PRÉCISIONS SUR L’USAGE ÉPIDURAL DE LA PROCAÏNE

Anne Relun Oniris à Nantes (Loire-Atlantique). Article rédigé d’après une présentation faite lors du 5 e forum européen de buiatrie à Bilbao (Espagne), du 4 au 6 octobre 2017.

Le résumé des caractéristiques du produit (RCP) des spécialités vétérinaires “récentes” est riche d’enseignements ; le praticien rural ne peut faire l’économie de le lire (notice). En voici quelques aspects éclairants pour Procamidor®, dans le cadre d’un usage épidural lors de chirurgie du veau.
Chez les bovins et les ovins figure l’indication « Anesthésie par infiltration et anesthésie épidurale ». Dans ce dernier cas, seule la chirurgie du pénis est mentionnée chez le veau, et la dose indiquée est un volume fixe de la spécialité utilisée seule, soit 15 ml (soit 300 mg) de chlorhydrate de procaïne épidurale.
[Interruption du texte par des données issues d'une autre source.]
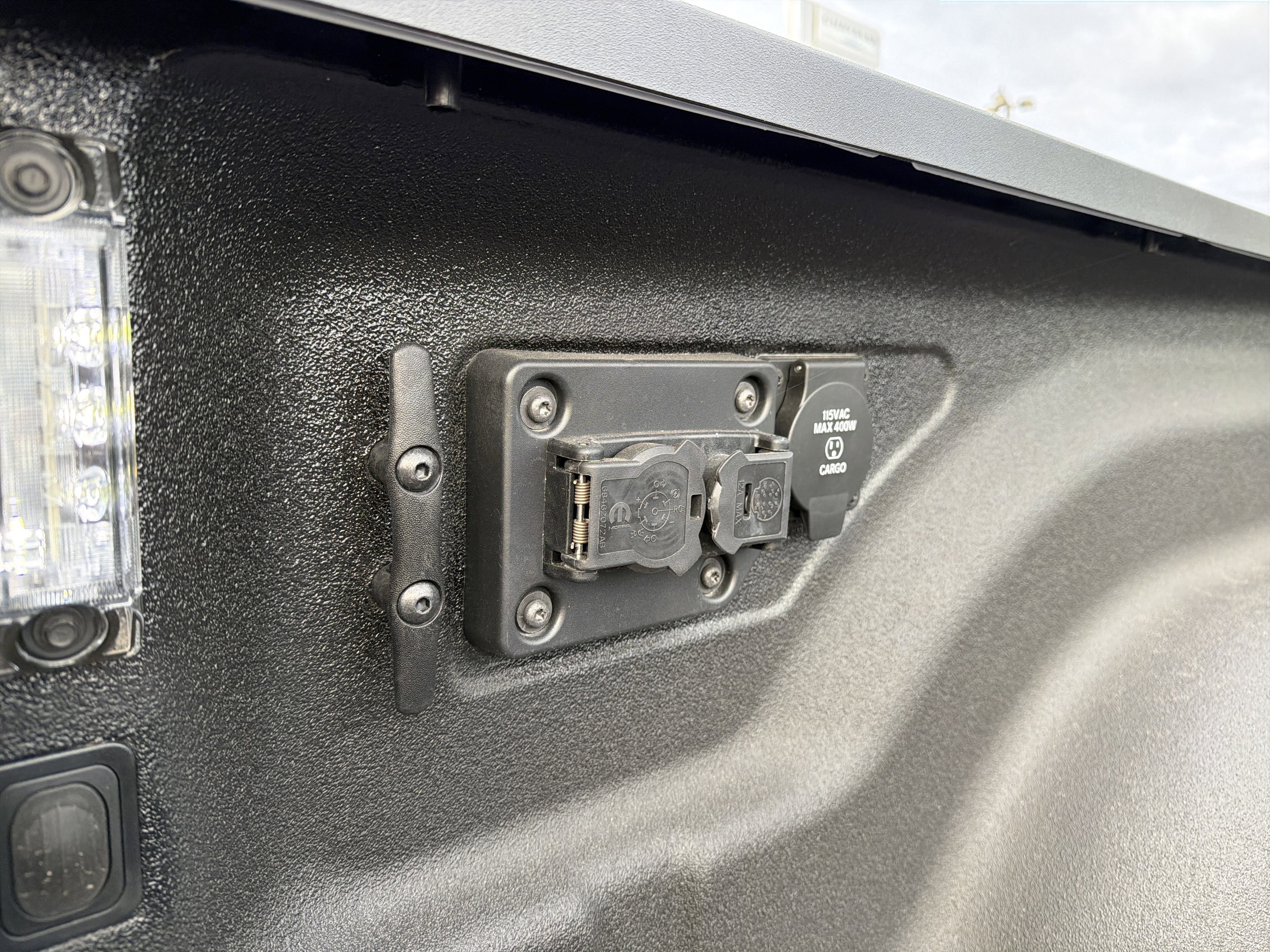 New 2026 RAM 2500 Laramie image 12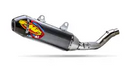 Triumph Tf 450-Rc [2025] - Megabomb Header 4-Stroke - Surface: Titanium - Picture 10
Il est bien précisé que l’administration d’anesthésiques locaux par voie épidurale peut être suivie d’une anesthésie insuffisante chez les bovins. En outre, « ce médicament vétérinaire ne contenant pas de vasoconstricteurs, sa durée d’action est courte ».
Côté technique, « le positionnement correct de l’aiguille doit être vérifié par aspiration, afin d’exclure une administration intravasculaire ; la tête de l’animal doit être amenée en position correcte ». Cet anesthésique local devant être utilisé avec précaution lors de nombreuses pathologies associées (épilepsie, bradycardie, etc.), une auscultation et un examen clinique sont nécessaires avant intervention sur l’ombilic, d’autant plus que les anomalies cardiaques congénitales ou acquises ne sont pas rares chez le jeune veau et que le choc endotoxémique est fortement possible comme complication d’abcès ombilical.